Larry Kudlow has a new column about the effects of what he calls "the coming tax bomb" and "Washington's war on investment":
the position of the Democratic party in power in Washington is that transfer payments (taxing and borrowing from Peter to pay Paul) are good for growth, and that investment is bad....
The great flaw in the thinking of the Democrats is that they are ignorant of the economic power of saving and investment. Saving is a good thing. Stocks, bonds, bank deposits, money-market funds, commercial paper, venture capital, private equity, real estate partnerships -- all that saving is channeled into business investment. And whether that capital goes into new start-ups or small businesses or large firms, it finances the kind of new investment in plants and equipment and software and buildings that ultimately creates jobs and family incomes. And that, in turn, spurs consumption.
But pulling out just one dollar from the private sector and rechanneling it through the government as a transfer to someone else creates nothing. At best it's a safety net. At worst it may damage private-business activity and actually reduce employment.

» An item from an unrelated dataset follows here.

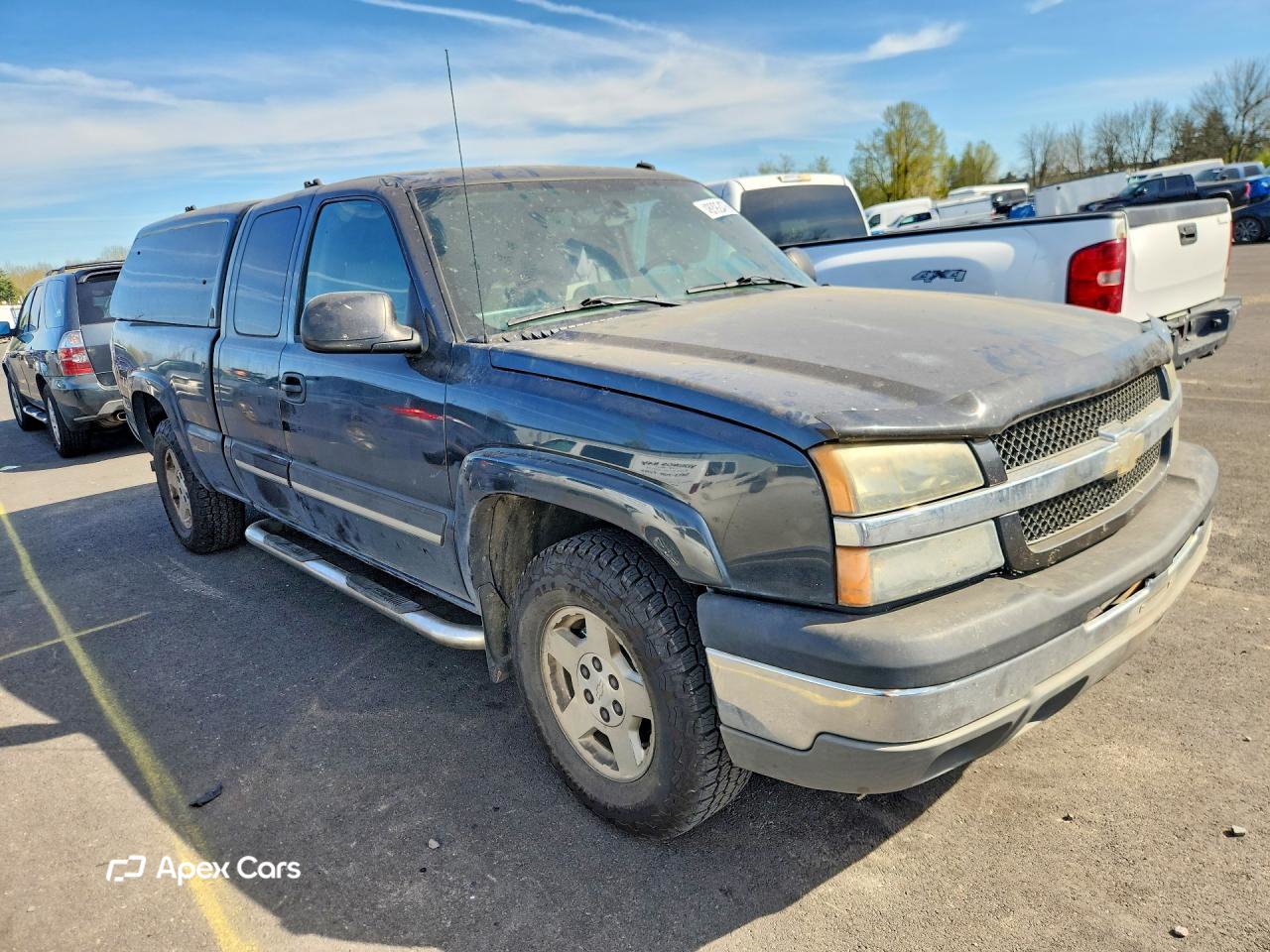 Chevrolet Silverado 2004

He says Senators Lieberman and Bayh are on board with extending the Bush tax cuts for upper-income earners: "Bayh and Lieberman often refer to the John Kennedy tax cuts that lowered marginal rates across-the-board for successful earners and businesses. They correctly worry about small-business job creation in this process. And they have moved from the demand-side of today's Democratic party over to the supply-side of the John Kennedy era."